Abstract
Glatiramer acetate (GA), the active ingredient in Copaxone®, is a complex mixture of polypeptides used for the treatment of relapsing remitting multiple sclerosis. Glatiramoids are related mixtures that may differ in some characteristics of the prototype molecule. Our aim is to describe the long-term toxicity studies with protiramer (TV-5010), a new glatiramoid, in comparison with similar studies conducted with GA. The toxicity of twice-weekly subcutaneous injections of protiramer to Sprague-Dawley rats (twenty-six weeks) and cynomolgus monkeys (fifty-two weeks) was compared with similar studies done with daily subcutaneous injections of GA. Daily treatment with GA was safe and well tolerated, without systemic effects or death. Protiramer administration was not as well tolerated as GA and led to dose- and time-related mortalities, probably mediated through severe injection-site lesions both in rats and in monkeys.

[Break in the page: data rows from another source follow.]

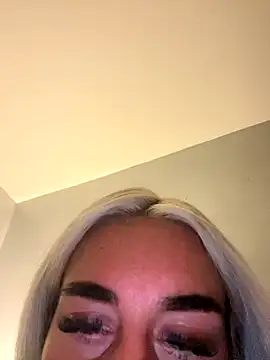 EllieMaeBaby online show from September 12, 2025, 12:00 am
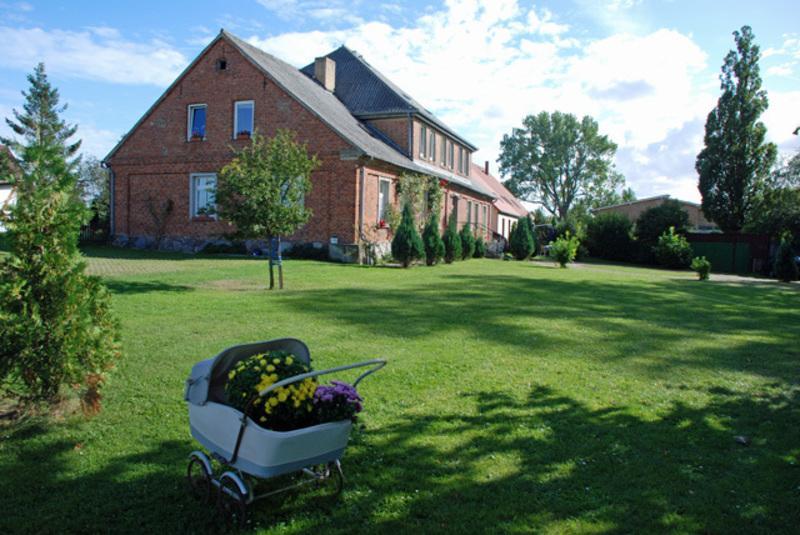 Ferienwohnungen Im Gutshaus Gnies Екстериор снимка
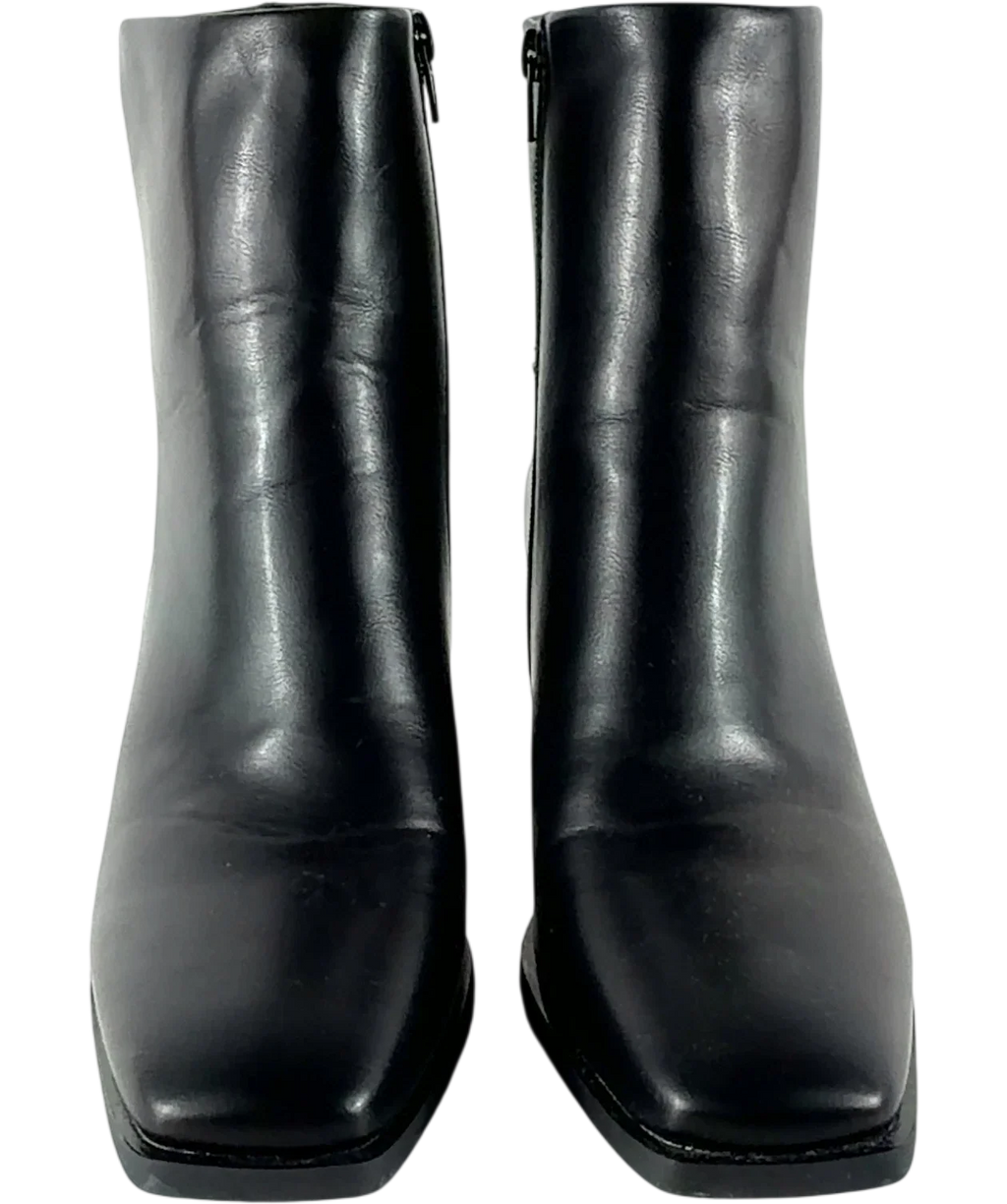 Seqwl Black Colour, size UK 8 — detail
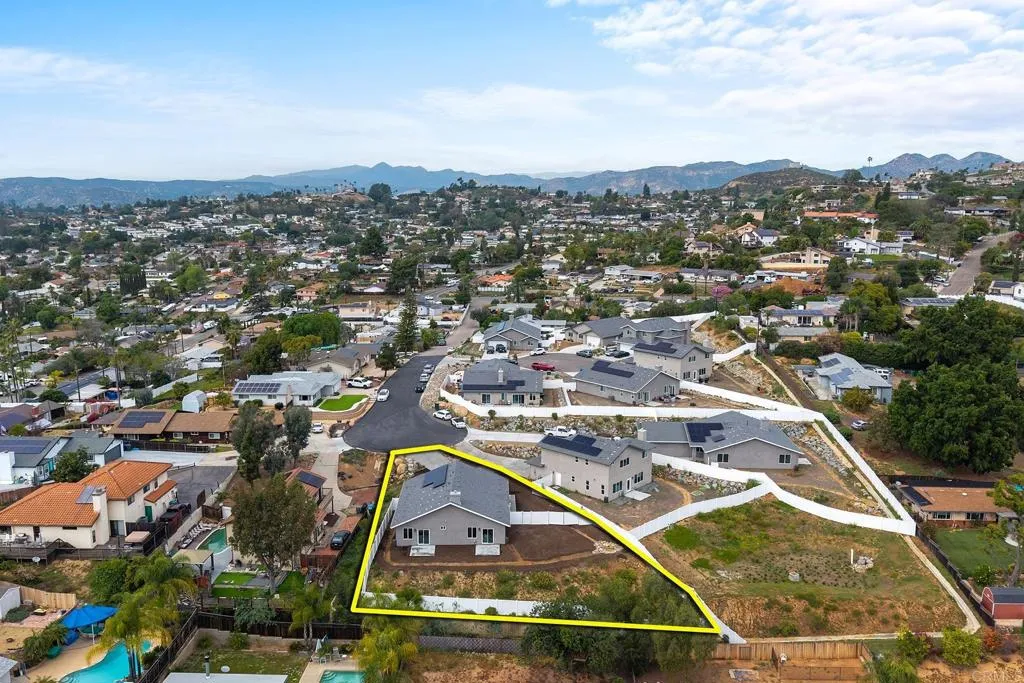 https://cdn.realtyfeed.com/cdn/127/306643899/3368dd8ea14aefa2c9aba25c7513755e.webp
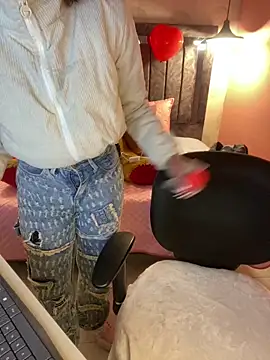 alahia pink online show from 02/13/26, 03:24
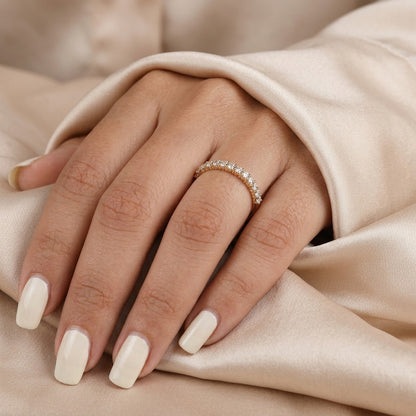Graduated Round Cut Diamond Half-Eternity Band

Bridging fibrosis in the liver and severe progressive nephropathy were seen in rats. A dose-related increase in eosinophils was observed in monkeys. The protiramer toxicity studies show that minor variations in the manufacturing of glatiramoids may lead to significant toxic effects. It is therefore essential that the safety of any new glatiramoid be studied in long-term preclinical studies before exposing humans.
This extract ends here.